GOAL OF THE EXERCISE. Write out every entry exactly; the pictures do not belong in the copy.

GIVEN DATA.
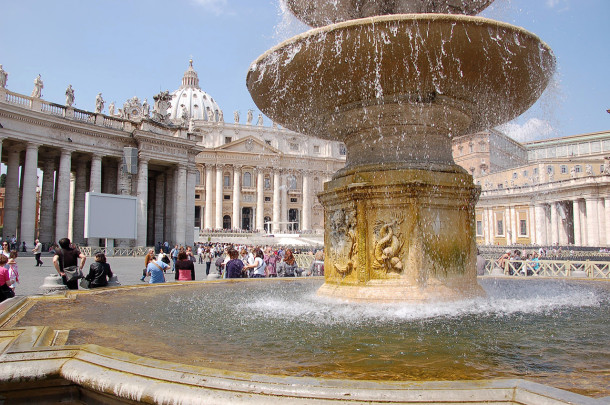 Fontaine du Bernin devant la basilique St-Pierre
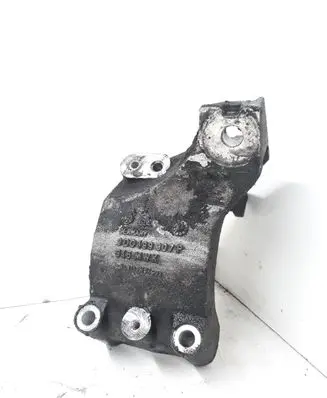 Volkswagen Phaeton Engine mounting bracket 3D0199307P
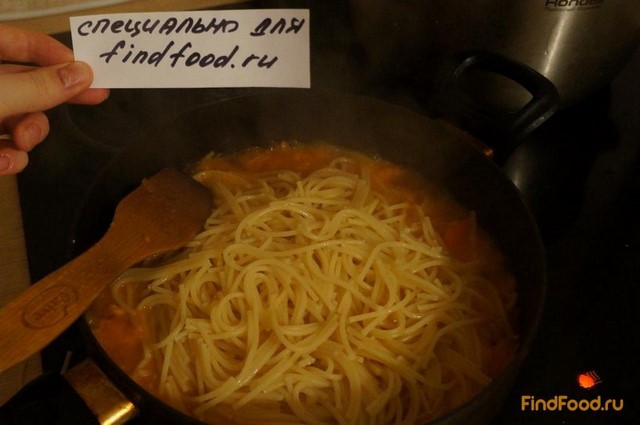 Спагетти в помидорах рецепт с фото 4-го шага 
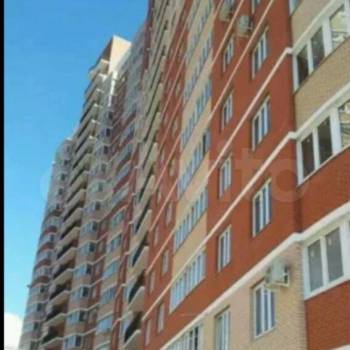 Продается 1-комнатная квартира, 40,8 м²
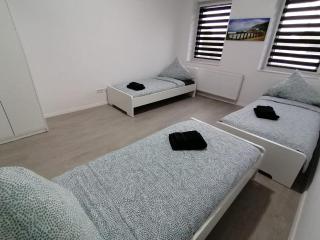 estrella24 LIVING ROOMS Singapur - Herne - 4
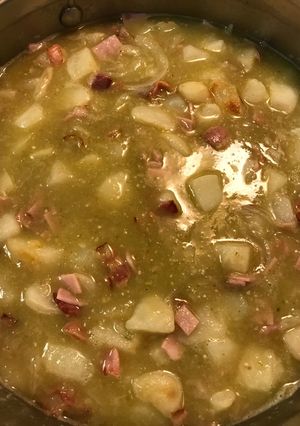 Una foto de Papas en salsa verde 🥔🌶🥓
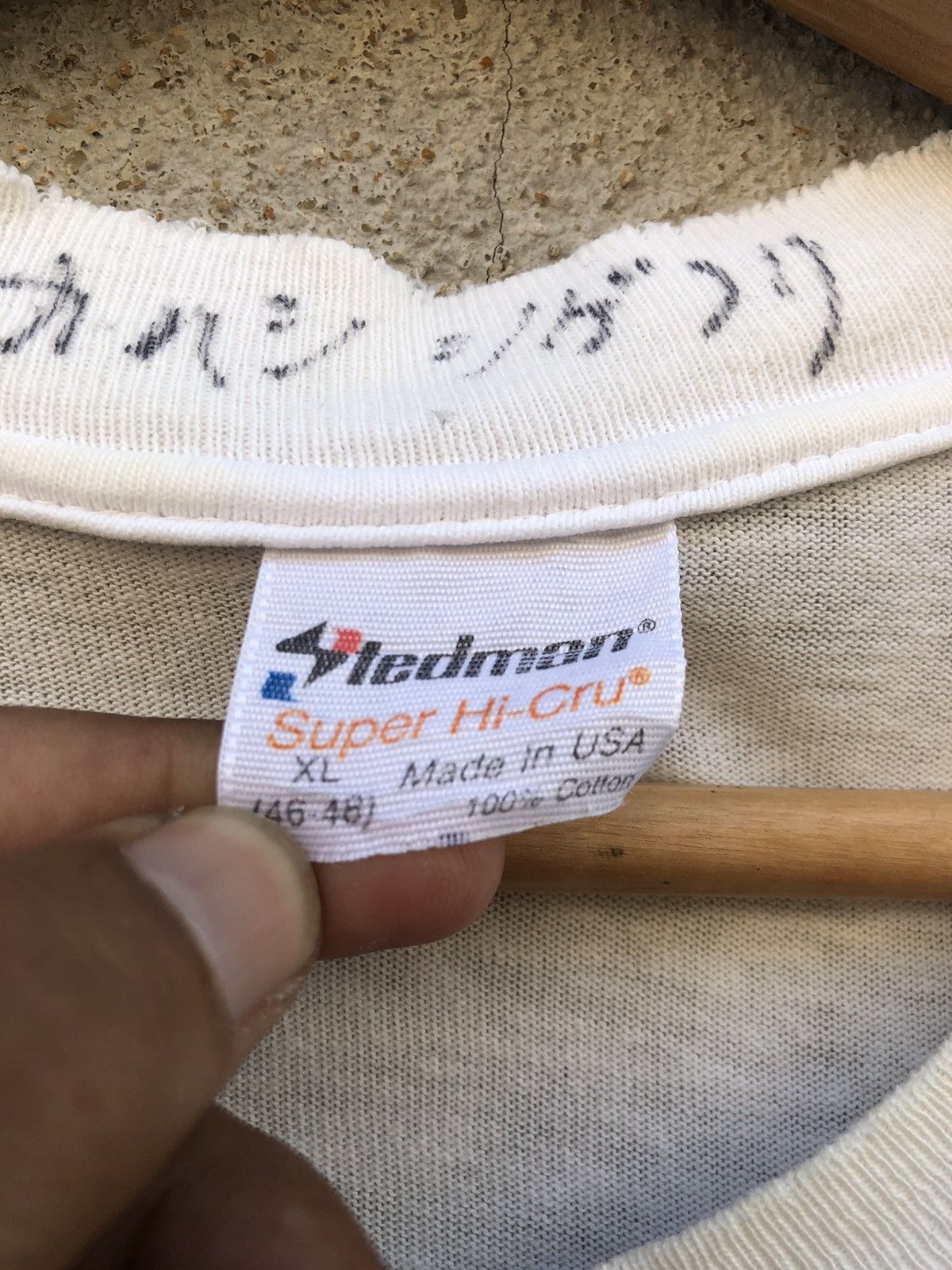 Vintage Vintage 90s Hawaii Pakalolo Marijuana Tshirt Distressed Size US L / EU 52-54 / 3 - 3 Thumbnail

RESPONSE AREA.
 Fontaine du Bernin devant la basilique St-Pierre
 Volkswagen Phaeton Engine mounting bracket 3D0199307P
 Спагетти в помидорах рецепт с фото 4-го шага 
 Продается 1-комнатная квартира, 40,8 м²
 estrella24 LIVING ROOMS Singapur - Herne - 4
 Una foto de Papas en salsa verde 🥔🌶🥓
 Vintage Vintage 90s Hawaii Pakalolo Marijuana Tshirt Distressed Size US L / EU 52-54 / 3 - 3 Thumbnail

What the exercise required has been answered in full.